Dr Helmy said among the treatments available and recommended by World Health Organisation (WHO), was a combination of therapy with artemisinin, which was used to overcome and prevent the development of resistant plasmodium.
“Treatment must be carefully and strictly monitored and adhered to, to prevent resistance. We are at substantial risk of getting malaria if we travel to malaria-endemic places or areas for a long time without any precautionary measures.
“However, we can reduce infection by taking precautions such as taking preventive medicines like prophylaxis, wearing appropriate protective clothing, applying mosquito repellents, and using bed nets when travelling to endemic places,” he said.
He advised pregnant women and those with conditions affecting the spleen to avoid travelling to endemic areas.
In the case of Sarawak, he said, the army, loggers or timber workers as well as plantation workers, were at high risks.
“A person with recent travel to malaria-endemic areas should immediately seek treatment if some similar symptoms appear.
“If treated late, a person with malaria can develop complications from severe malaria, for instance, cerebral malaria, anaemia, renal failure and blood clotting problems, among others,” he added.

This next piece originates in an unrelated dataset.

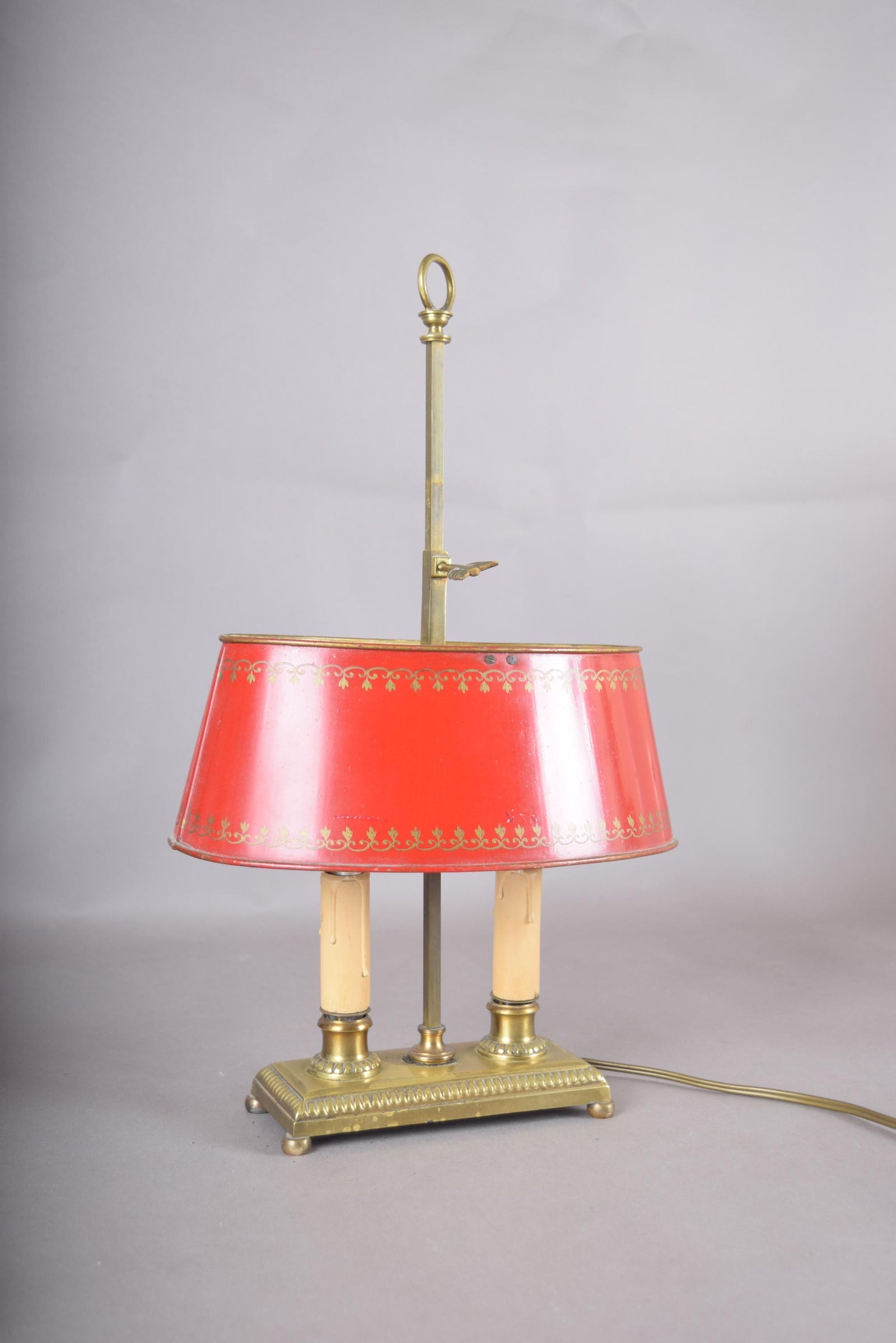 Vintage Brass Bouillotte Table Lamp, Red Tole Shade — French Style, circa 1950s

The Sarawak-level World Malaria Day 2022 and Agenda Nasional Malaysia Sihat (ANMS) 2022 will be held at the Town Square in Kapit today (Aug 6) at 9am.
According to WHO, no single tool that is available today will solve the problem of malaria. WHO called for investments and innovation that bring new vector control approaches, diagnostics, antimalarial medicines and other tools to speed the pace of progress against malaria.
Despite steady advances in lowering the global burden of malaria between 2000 and 2015, progress has slowed or stalled in recent years, particularly in high burden countries in sub-Saharan Africa.
Themed “Harness innovation to reduce the malaria disease burden and save lives”, WHO said an urgent and concerted action would be needed to set the world back on a trajectory towards achieving the 2030 targets of the WHO global malaria strategy.